Le Yémen risque de retomber dans la guerre civile, en raison du régime houthi, de plus en plus puissant, du durcissement de la politique occidentale et de l'intensification de la guerre économique, qui poussent ce pays ravagé par la guerre au bord du gouffre.
«C’est la période la plus tendue que j’aie connue depuis la trêve; la guerre pourrait éclater dès la semaine prochaine», a déclaré Mohammed Albasha, analyste principal du Navanti Group basé aux États-Unis.
La paix précaire qui prévaut au Yémen est menacée alors que les Houthis, de plus en plus renforcés et radicalisés par la guerre à Gaza, se soulèvent contre les États-Unis qui ont durci leurs positions et font face à une nouvelle phase de guerre économique.
Le Yémen est pris au piège d’une guerre civile brutale qui dure depuis dix ans, opposant les Houthis, un mouvement revivaliste zaydiste, aux factions divisées du gouvernement internationalement reconnu (GRI) du président Abd Rabbo Mansour Hadi.
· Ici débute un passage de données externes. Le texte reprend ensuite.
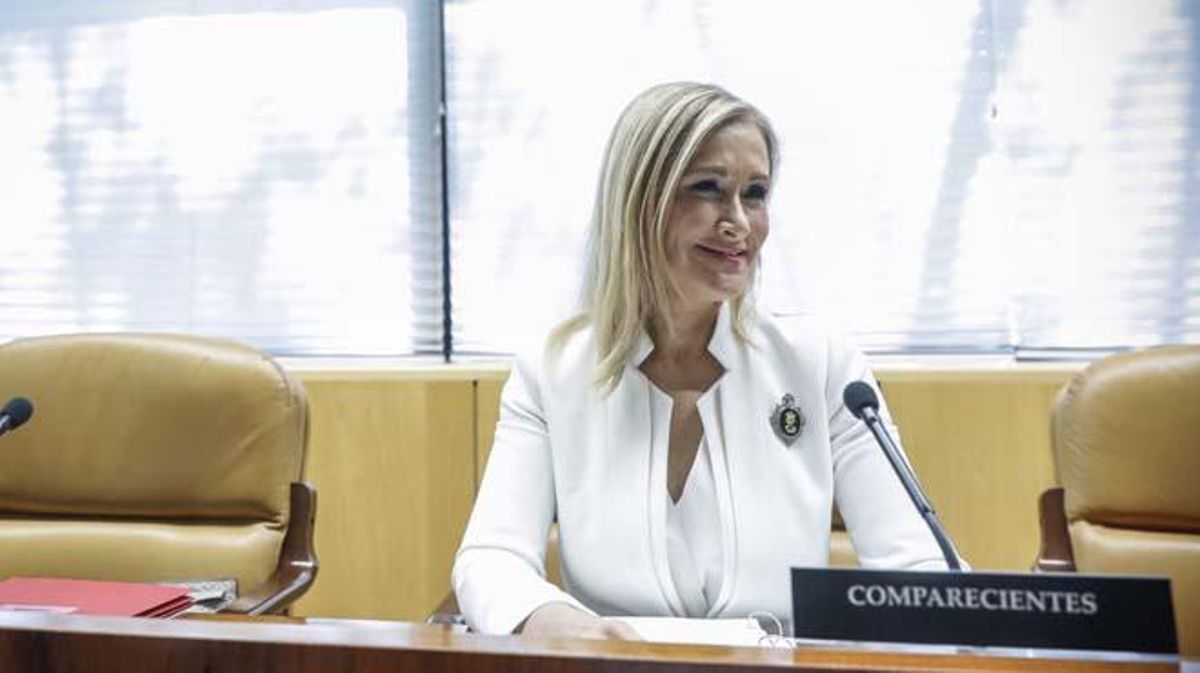 Cifuentes ha demanat que declarin en aquesta comissió els tècnics que van intervenir en les adjudicacions.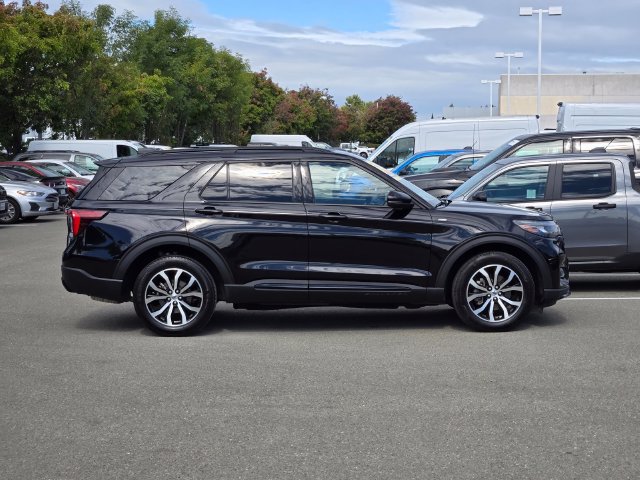Certified 2025 Ford Explorer ST-Line AWD/4WD image 7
Selon les estimations de l’ONU, ce conflit dont les victimes s’élèvent à 377.000 personnes est considéré comme «la plus grande crise humanitaire au monde».
En 2022, un espoir est né avec l’accord d’un cessez-le-feu négocié par les Nations unies et la mise en place de mesures pour établir une paix durable.
Bien que la paix ait largement été préservée, certains analystes s’inquiètent qu’elle soit désormais menacée, notamment depuis le début des opérations militaires en mer Rouge.
Renforcement des Houthis
Selon les analystes, les opérations militaires des Houthis, qui ciblent les navires liés à Israël passant par la mer Rouge, ont considérablement renforcé leur position au Yémen.
Vendredi dernier, un drone houthi a frappé Tel-Aviv, causant la mort d’une personne et faisant dix blessés. Cette attaque illustre la sophistication croissante de leur capacité militaire.
Bien que l’ONU procède actuellement à l’inspection des cargaisons entrant au Yémen, plus de 500 cargaisons sont arrivées dans les zones du Yémen contrôlées par les Houthis sans avoir été inspectées depuis octobre, selon M. Albasha.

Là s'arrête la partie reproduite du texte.